What to do: Exactly the lines below from the one with "Shown in Blue" up to and including the one with "Gingham MERONA BomberJacket" make up the answer, with nothing else added.

Supplied information:
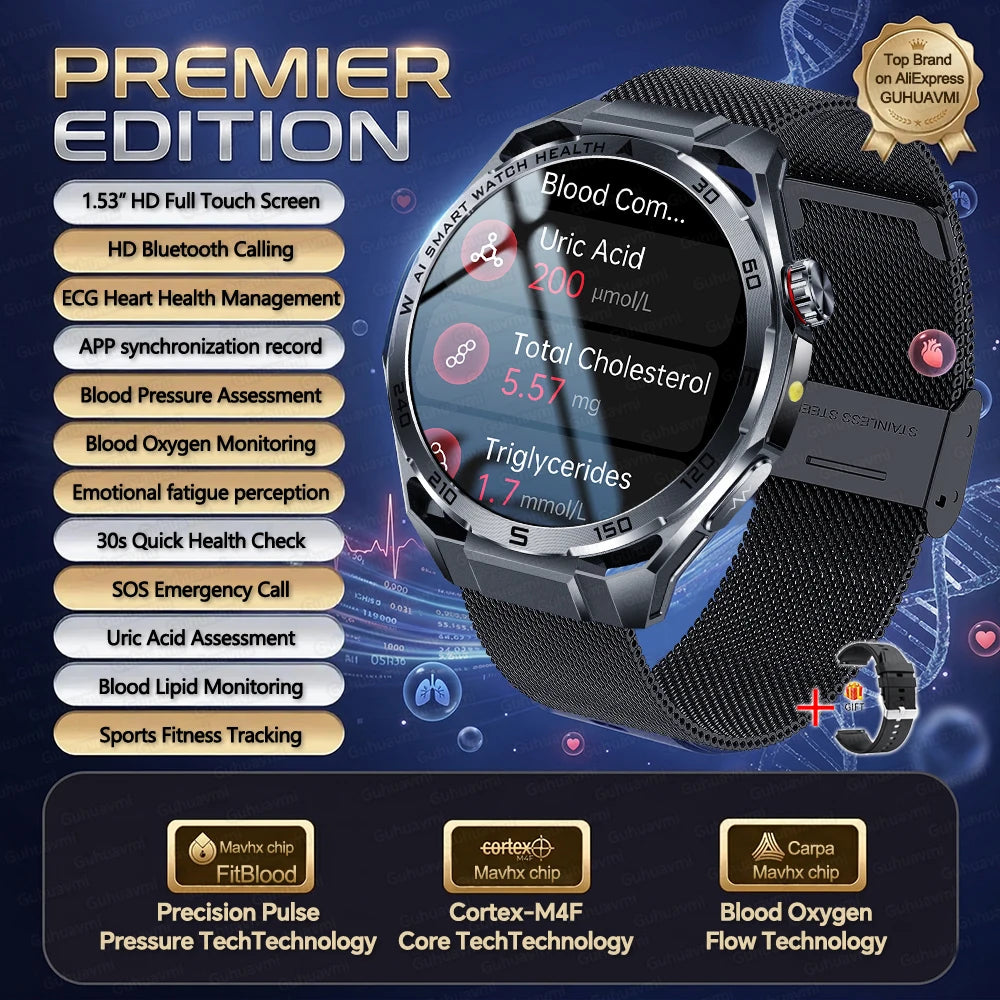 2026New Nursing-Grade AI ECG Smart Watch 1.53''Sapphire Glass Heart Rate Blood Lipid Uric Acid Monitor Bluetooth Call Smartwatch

* * *

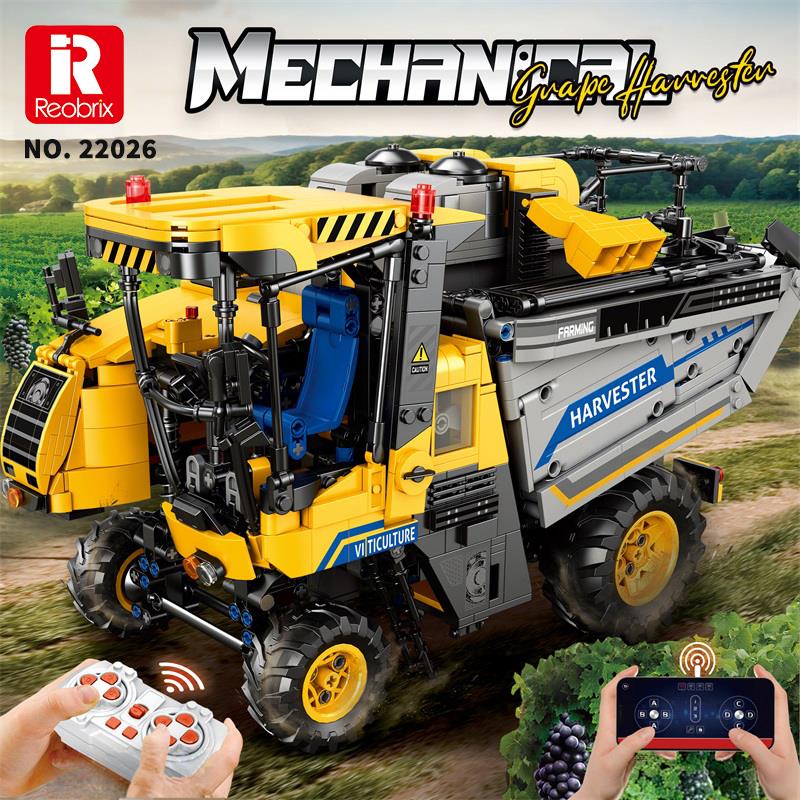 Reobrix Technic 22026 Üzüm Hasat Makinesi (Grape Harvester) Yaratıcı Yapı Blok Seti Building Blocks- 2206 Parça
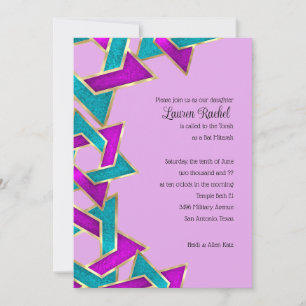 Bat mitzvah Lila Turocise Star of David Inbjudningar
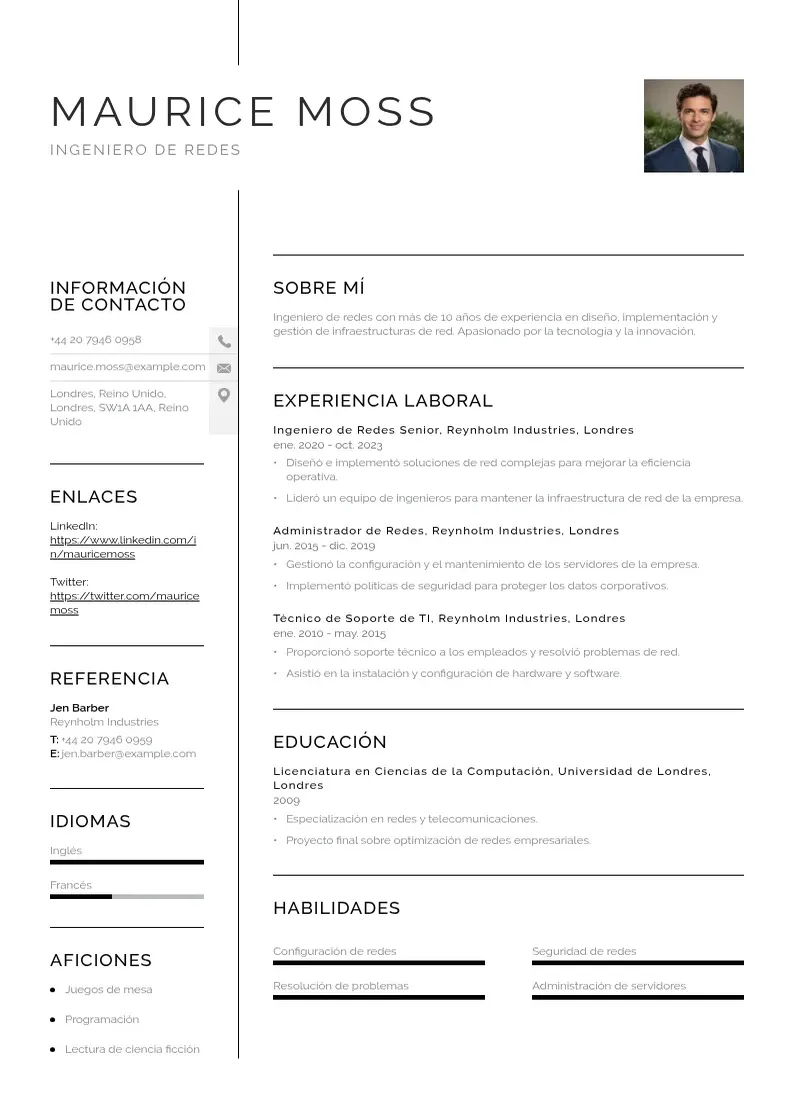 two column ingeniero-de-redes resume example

...

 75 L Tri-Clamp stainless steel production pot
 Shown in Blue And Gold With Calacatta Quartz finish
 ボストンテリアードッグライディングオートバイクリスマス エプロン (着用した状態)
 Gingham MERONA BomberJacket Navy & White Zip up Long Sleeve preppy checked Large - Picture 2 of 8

Task solution:
 Shown in Blue And Gold With Calacatta Quartz finish
 ボストンテリアードッグライディングオートバイクリスマス エプロン (着用した状態)
 Gingham MERONA BomberJacket Navy & White Zip up Long Sleeve preppy checked Large - Picture 2 of 8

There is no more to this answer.